The Language of Drawings


This book is the result of a long gestation period.  Life had taught me that I was a good communicator, meaning that somehow people I met soon seemed to believe that I was interested in learning of their thoughts and experiences.  When I began to work with children in my clinical practice I discovered Winnicott’s use of squiggles in his therapeutic consultations and I was simply fascinated by the apparently magical bridge that this simple game made between the child’s unconscious and the analyst’s professional scrutiny.

It happens that I never thought I had any artistic gifts and this raised doubts about my ability to engage in the squiggles game.  The obvious decision followed in that, when I found that the child or adolescent patient was at a loss to express his thoughts and feelings in words, I asked them whether perhaps they might be willing to make a drawing.  It was only when they could not engage in making a picture by themselves that I suggested we might play a game together – squiggles.
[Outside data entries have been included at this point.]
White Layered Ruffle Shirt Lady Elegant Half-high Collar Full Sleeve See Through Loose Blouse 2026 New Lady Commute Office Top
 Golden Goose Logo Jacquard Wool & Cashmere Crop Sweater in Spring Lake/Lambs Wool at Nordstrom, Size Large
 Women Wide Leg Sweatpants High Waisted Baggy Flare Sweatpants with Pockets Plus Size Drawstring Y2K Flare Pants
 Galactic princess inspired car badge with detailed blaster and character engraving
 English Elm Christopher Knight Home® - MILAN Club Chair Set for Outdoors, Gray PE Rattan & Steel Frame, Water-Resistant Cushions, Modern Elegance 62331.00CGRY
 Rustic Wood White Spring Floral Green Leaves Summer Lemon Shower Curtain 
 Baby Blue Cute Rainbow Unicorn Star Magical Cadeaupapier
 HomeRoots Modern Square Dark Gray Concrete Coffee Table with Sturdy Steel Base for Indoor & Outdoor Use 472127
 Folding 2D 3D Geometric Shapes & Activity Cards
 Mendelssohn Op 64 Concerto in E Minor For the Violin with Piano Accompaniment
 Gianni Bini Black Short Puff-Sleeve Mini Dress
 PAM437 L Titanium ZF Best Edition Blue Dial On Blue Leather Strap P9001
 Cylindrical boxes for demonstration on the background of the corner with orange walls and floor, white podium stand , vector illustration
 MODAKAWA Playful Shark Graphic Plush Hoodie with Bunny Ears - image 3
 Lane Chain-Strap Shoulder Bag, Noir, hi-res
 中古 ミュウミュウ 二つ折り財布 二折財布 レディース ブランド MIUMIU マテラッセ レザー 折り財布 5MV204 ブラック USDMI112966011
It gave me enormous pleasure to discover that, in spite of my lack of confidence, my patient seemed to accept my squiggles as valid and meaningful.  But, as time went on, I found more and more young patients who seemed happy to make drawings.  Most of them would move from one sheet to the next one, but some would turn the page over and draw on the other side. And, to my surprise, one day when I picked up the sheet of paper on which a youngster had drawn on both sides, I found an unexpected meaningful image resulting from seeing that piece of paper against the light.